Hamburgs Justizsenator hält Denkverbote über Szenarien zur Beendigung von Geiselnahmen für falsch.

Es gibt weiter Wirbel um den Vorschlag von Innensenator Ronald Schill (44) zur Nutzung des beim Moskauer Geiseldramas eingesetzten Narkosegases. Ein Sprecher des Bundesinnenministeriums sagte gestern, der Bund verfüge nicht über Narkose-Gas und "beabsichtige auch nicht, darüber zu verfügen". Die Hamburger Polizei, die Spezialeinheit GSG 9 des Bundesgrenzschutzes und das Kommando Spezialkräfte (KSK) der Bundeswehr bestätigten, ebenfalls nicht über Nervengas zu verfügen.

Doch die Diskussion über den Einsatz von Narkose-Gasen bei Geiselnahmen ist offenbar nicht neu. Insider aus Spezialeinheiten der Polizei sagten dem Abendblatt, bereits seit Jahrzehnten werde beim Mobilen Einsatzkommando (MEK) und anderen Einheiten hinter verschlossenen Türen über die Verwendung von Betäubungsgasen diskutiert. Ebenso über Möglichkeiten, Geiselnehmer mit Betäubungsmitteln versetzte Lebensmittel zu übergeben, um sie so außer Gefecht zu setzen.

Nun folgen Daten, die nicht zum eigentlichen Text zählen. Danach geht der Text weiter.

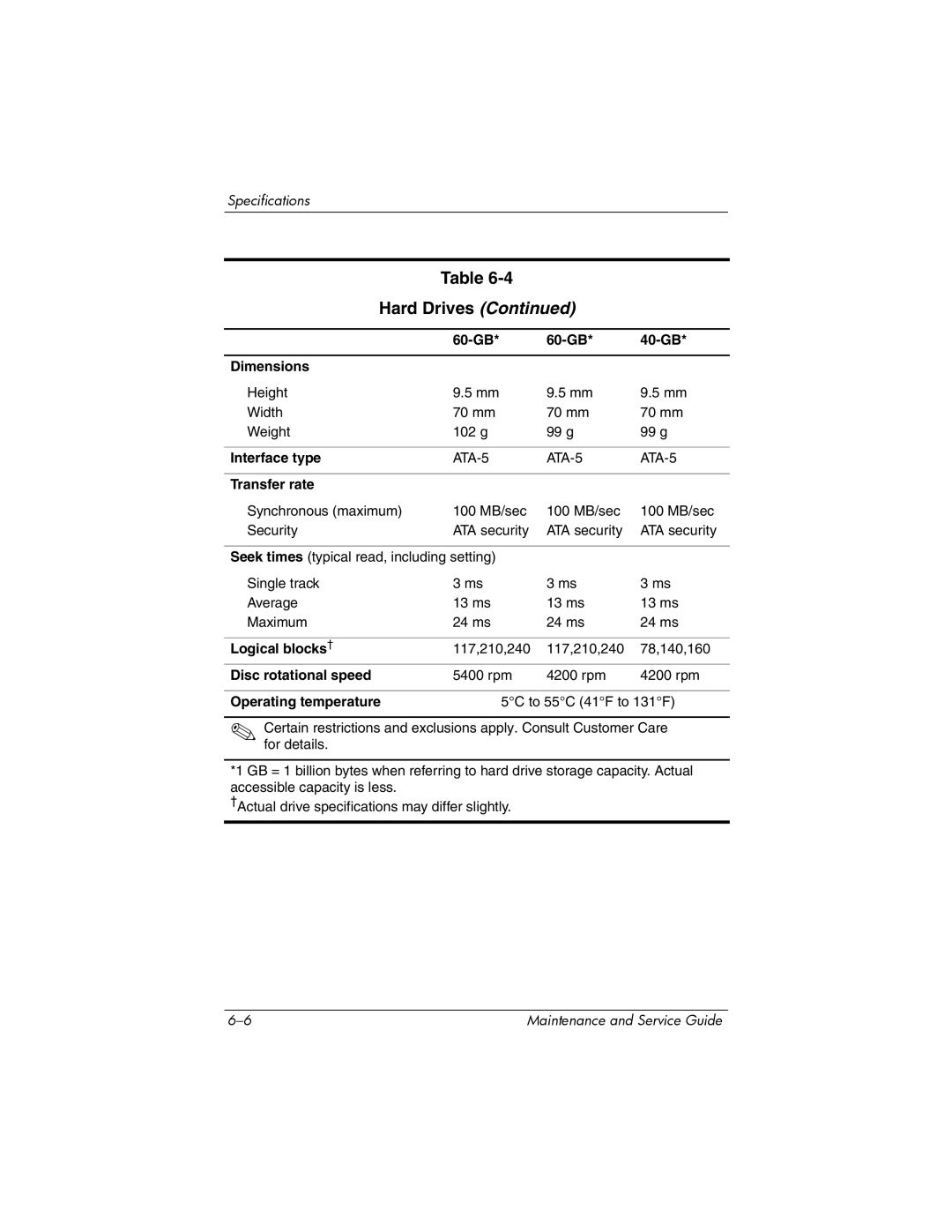 HP DV8000 manual 60-GB 40-GB Dimensions 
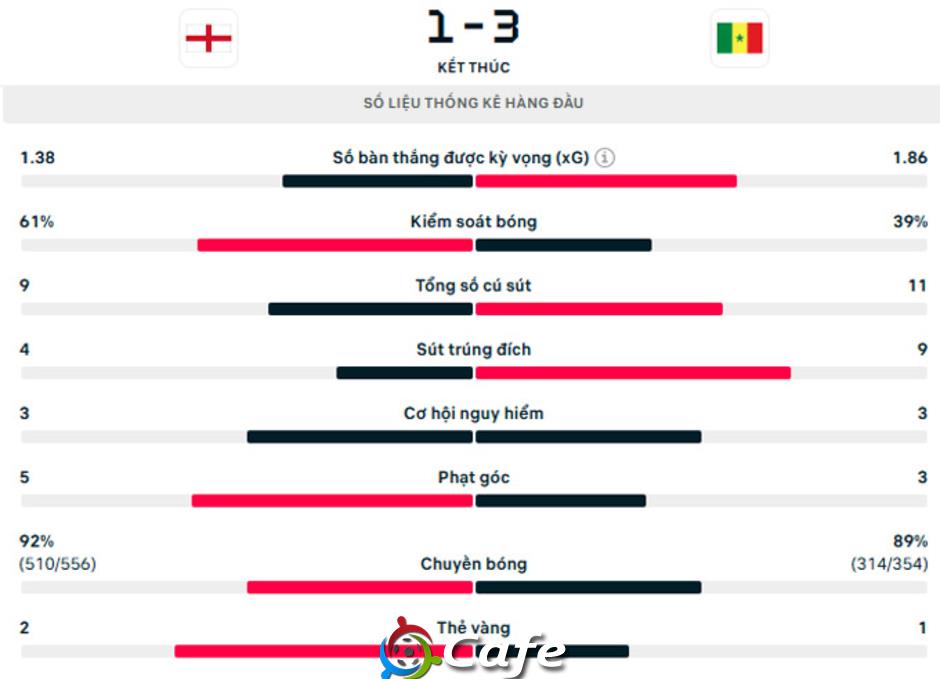 Kết quả Anh 1-3 Senegal: Nỗi nhục của Tam sư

Bislang sei dies aber immer verworfen wurden, um das Leben von Geiseln nicht unnötig zu gefährden. "Bei Geiselnahmen gilt generell eine Zehn-Prozent-Regel", so ein Ermittler. Heißt: Wenn Leib und Leben von mehr als zehn Prozent der Geiseln durch eine Einsatzmethode gefährdet sind, müssen andere Alternativen gewählt werden. Die Gefahr sei bei Betäubungsmitteln zudem zu groß, dass die Geiselnehmer nicht sofort das Bewusstsein verlieren. Es könnte gegebenenfalls noch Sekunden oder Minuten verbleiben, in denen etwa Bomben gezündet werden könnten.

Justizsenator Roger Kusch (48, CDU) gab Ronald Schill, in der Diskussion um mögliche Narkose-Gas-Einsätze Rückendeckung. "Man muss im Kreis von Innenministern, hinter verschlossenen Türen, auch über so ein heikles Thema reden können", sagte Kusch dem Abendblatt. "Schill hat als Innensenator für die Sicherheit der Stadt auch politisch einzustehen, und es gehört zu seinen Pflichten, alles in Betracht zu ziehen, was man auf dem Sektor in Betracht ziehen muss."

Gerade nach den Anschlägen in den USA, angesichts des weltweiten Al-Kaida-Terrorismus, habe auch Hamburg allen Anlass, sich über Szenarien Gedanken zu machen "und über staatliche Reaktionen darauf", so Kusch. "Man muss sich mit allen Eventualitäten beschäftigen. Denkverbote dergestalt, dass man über bestimmte Szenarien nicht mehr nachdenken darf, kann es dabei nicht geben", auch nicht bei einem solchen Gas-Einsatz wie in Moskau, wo es zu schrecklichen Folgen kam.